A very serious misunderstanding results from the name itself: Despite its name the Toledo was never produced using classical Toledo workmanship. In such cases, a steel that gains black colour through a chemical process (burnished) is usually the basic material of Toledo production. The surface, for instance, is stitched with a chased cutter, which creates a dovetailed groove. Afterwards a thin golden thread is hammered into the groove to get an almost even surface again. This kind of work is also known as exchanging/ compensating. A short glimpse at the surface of the Toledo clearly shows, that a different production technique is used for its creation.

Toledo body one
Toledo body two

The motifs of the body were carved into a relief by using a corrosive method, deep parts are burnished, distinguished motifs are gold-plated and parts of the line drawings are then re-engraved by hand. Even though some parts of the method are identical - the grooves of the real Toledo workmanship could also be corroded -, the decisive process of the exchanging is not carried out.

Another mistake made regards the material of the body. Since the body of today's Toledo fountain pens is made of sterling silver, the same feature is expected from the historical version. It has been proven that the basic material is steel - not silver! This explains why the price was set far under the flagship, the Pelikan 112.

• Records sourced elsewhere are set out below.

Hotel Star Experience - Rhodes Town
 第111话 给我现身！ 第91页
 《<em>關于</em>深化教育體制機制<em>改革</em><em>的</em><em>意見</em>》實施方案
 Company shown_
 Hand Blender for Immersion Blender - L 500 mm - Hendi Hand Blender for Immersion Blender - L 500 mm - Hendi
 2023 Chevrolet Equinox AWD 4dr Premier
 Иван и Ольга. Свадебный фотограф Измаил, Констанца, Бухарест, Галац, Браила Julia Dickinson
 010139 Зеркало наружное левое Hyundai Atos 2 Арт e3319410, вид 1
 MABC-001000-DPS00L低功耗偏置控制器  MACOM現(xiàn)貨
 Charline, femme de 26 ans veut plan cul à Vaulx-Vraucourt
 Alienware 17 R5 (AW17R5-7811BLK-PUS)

If a collector is considering to buy this great expensive collector's item, it would be wise to look out for two details. Due to the fact that the Toledo was simply not viewed as a variation of the Pelikan 100 body, it was given its own cap design. The clip was engraved alongside with a Pelikan motif and both cap rings had a fine line drawing. Indeed, half of the Toledos known amongst collectors lack at least one of those features mentioned, which indicates an exchanged cap or clip. The documents of the Pelikan archives give enough evidence to that a variant of the Pelikan Toledo without any special ornamental rings and clip never existed.

The Pelikan T111 was produced between 1931 and 1937. The model 100N, as the Toledo, was produced again after 1937. It could have possibly been manufactured to sell on the export market and is therefore extremely difficult to find.